The Olympics really do provide a solid opportunity for navel gazing. This is a time for reflection and self-examination, which can take on an almost masturbatory quality. That's not just because there's nothing else on television but sport and advertisements full of sporting metaphors, remarking on our own amazingness. Every four years it doesn't hurt to re-evaluate the national identity and wonder if others see us the way we see ourselves. The opening ceremony had me wondering if we could be as cool as the Brits if we had to explain ourselves to the world all over again.
Sure, the Sydney ceremony was great, in its day. But there was something so supremely confident and modern about London's big fat show. Granted, only seven per cent of the several billion viewers understood any portion of it. All over Africa and Central America folks are scratching their heads about the identity of J.K. Rowling and Kenneth Branagh. Public-health nurses. Kids reading wacky stories under the blankets by torchlight. Mr Bean rogering Vangelis's big number. The British team marching in uniforms borrowed from the cast of The Only Way is Essex. No other host nation could resist humourlessly blowing their own trumpet the way the Brits did. Nothing to prove. Nobody to convince. Had an empire. Lost it. Built stuff. Blew it. And here's some pop music. They behaved like very, very old money. Sort of oblivious and adorable.
Could we match it? Very hard to stop an Australian from pounding his chest and making sure the whole world knows all the words to ''Aussie! Aussie! Aussie! Oi! Oi! Oi!''
The release of the new Qantas advertising was beyond overdue. Poor old Peter Allen is long dead and his homesick pub song has served the nation well. But suddenly, calling Australia home seems so last century, by contrast to the cool sophistication of Daniel Johns's Atlas, a hymn full of ooohs. The music and the beautiful pictures full of Australians inexplicably looking skywards, as if at the beginning of an episode of Fantasy Island, reflect a fundamental shift for the national carrier. No longer the airline that simply returns sunburnt backpackers to their mums, Qantas is the classy choice of global citizens, with very stiff necks.

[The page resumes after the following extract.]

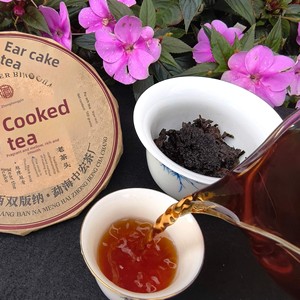 Vente directe usine – Thé Pu-erh mûr fermenté 2015, déchiqueté à la main, 100g, Yunnan – Vente en gros - Product Image 5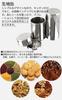 Desirable Tea Canister and Teaspoon Set, 304 Stainless Steel, Tea Caddy, Tea Caddy, Tea Storage Container, Canister, Tea Set (150g)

Are we the quietly confident folks in the Qantas ads or is national self-esteem easily dashed by failure to medal in a swimming relay? By contrast to Qantas's maturity, the Commonwealth Bank is revamping its image along a more Sesame Street route. For weeks we've wondered what Toni Collette was doing reciting a badly written pre-school story about positive thinking for the Commonwealth Bank. Is it possible Collette looked more uncomfortable every time the ad ran?
The Olympic sequel provides the a-ha moment, with a bunch of letters (C, A, N and a really fat, mean, negative T) following James Magnussen until the nay-saying letter T falls off a cliff, but the Missile doesn't hop in and help him. (I swear there isn't a more succinct way to describe this.) After Magnussen failed to lead our relay team to victory, did anybody contemplate pulling the ad? It had a really creepy prescience about it on Monday morning when we all woke to discover our failure. Fancy a bank building its identity around the word ''can't''. With an A.
The campaign must be leaving customers more confused than an Australian commentator, with a tiny vocabulary that does not include ''failure'', ''loss'', ''disappointment'', or ''run and hide - Giaan Rooney's got a microphone''. The Australian personality accommodates tall poppyism (unfortunately for Magnussen), massive defeat in an Anzac sense, boundless pride in victory, but nothing for coming fourth. Highly pressured young athletes are telling us less about how we express our identity than our ads and our commentators.
The awkwardness of disappointment requires tact, in person or on TV. Thank god Peter Stefanovic has his head screwed on right when we're all wondering how to respond. ''Don't worry about the loss in the pool tonight folks. At the end of day three, the gold-medal tally remains … Australia 1 Great Britain 0.''
What are we? Daniel Johns's laid-back nation looking skywards, or a pack of parochial Stefanovics who don't mind ignorance as long as we win? Let's not answer that until we've watched a few more eps of The Shire.